Sucedió en junio de 1990. El Muro de Berlín había caído hacía poco menos de un año, dejando herido de muerte al bloque socialista y advirtiendo de lo que estaba por venir, pues apenas un año más tarde también se confirmaría la disolución de la URSS y, casi paralelamente, estallaría la Guerra de los Balcanes, el conflicto armado más sangriento acontecido en Europa desde el fin de la Segunda Guerra Mundial, que desembocó en el fin de Yugoslavia. Un año antes de que los acontecimientos se precipitaran los futbolistas de la selección de Holanda fueron testigos involuntarios de que algo no iba bien en los Balcanes en su visita a Zagreb, la capital de la entonces autonomía de Croacia. Cuando sonó el himno yugoslavo en el estatio Maksimir la afición, de mayoría claramente croata, empezó a abuchear el himno. Los croatas ya no sentían que Yugoslavia les representara.

Los holandeses no entendían nada. Frank Rijkaard y Marco Van Basten, los autores del 0 a 2 con el que acabó el partido, se miraban incrédulos.
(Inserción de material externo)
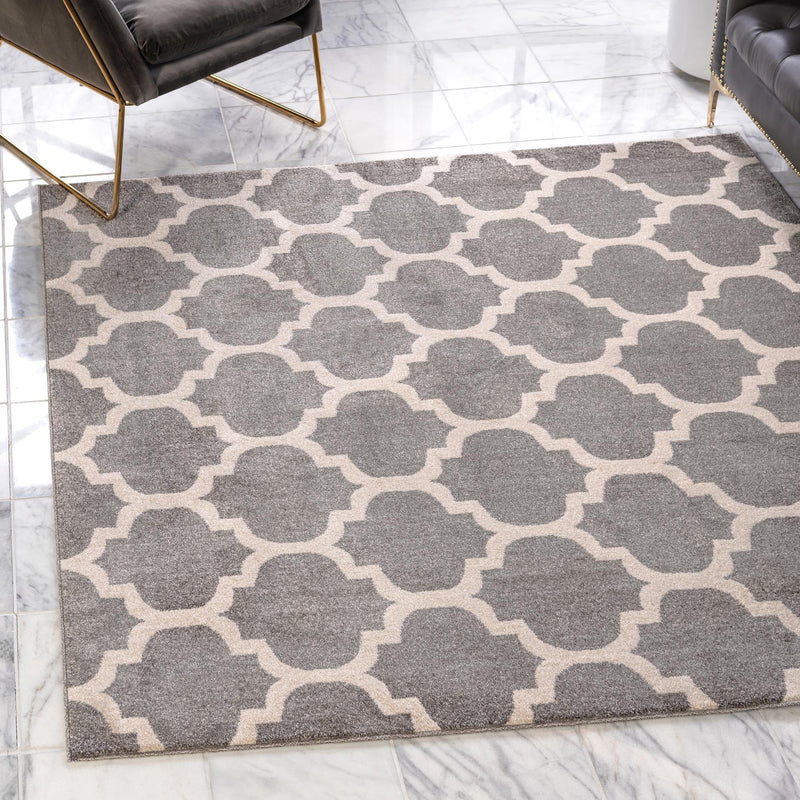 Lattice Gardens Collection Area Rug - Bloomfield (Dark Gray) Square Dark Gray lifestyle 20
Lo que no sabían Leo Beenhakker y sus futbolistas es que Yugoslavia estaba a punto de implosionar. La muerte del mariscal Josip Broz Tito en 1980 había sumido el país en una deriva social y económica de la que ya no se recuperaría. Diez años más tarde de la muerte del jefe del estado yugoslavo desde 1953 los nacionalismos internos y el choque religioso entre los distintos grupos culturales agitaron la sociedad balcánica como hacía décadas que no sucedía en Europa y aquella pitada que el público de Zagreb, mayoritariamente croata, dedicó a una selección que ya no sentía como propia puso de manifiesto que algo gordo iba a pasar.
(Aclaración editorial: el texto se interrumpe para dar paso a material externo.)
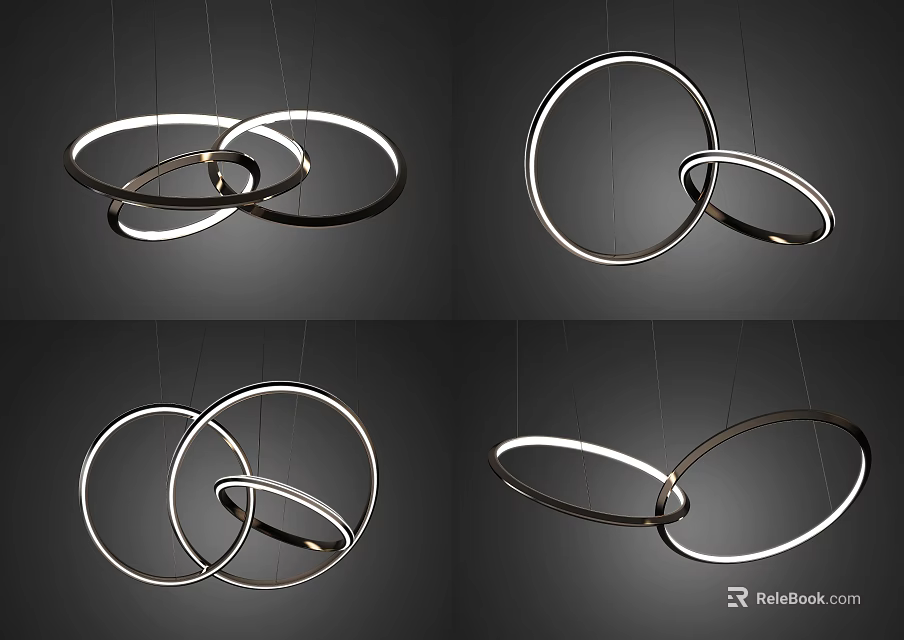 Contemporary Modern Circular Ring Chandeliers With Sleek Metal Frames And LED Glow 3d model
Porque los pitidos al himno pusieron en evidencia que había que reformular Yugoslavia o arriesgarse al baño de sangre que fue y que duró diez años, entre 1991 y 2001, saldándose con doscientos cincuenta mil víctimas mortales civiles. Antes de que esto sucediera la multiculturalidad yugoslava que representaba el himno de una selección que iba a formar con cinco bosnios (Mirsad Baljic, Faruk Hadzibegic, Davor Jozic, Safet Susic y Zlatko Vujovic), tres serbios (Predrag Spasic, Dragan Stojkovic y Dejan Savicevic), dos croatas (Tomislav Ivkovic y Zoran Vulic) y un esloveno (Srecko Katanec) voló por los aires, como el equilibrio que mantuvo a los Balcanes en paz desde el final de la Segunda Guerra Mundial. Todos ellos todavía tendrían tiempo de competir por última vez bajo una misma bandera en el Mundial de Italia 90, cayendo en los cuartos de final frente a la Argentina subcampeona de Diego Armando Maradona. Lo que vino después constituye el capítulo más triste de la historia europea desde 1945, con permiso del drama de los últimos años en el Mar Mediterráneo.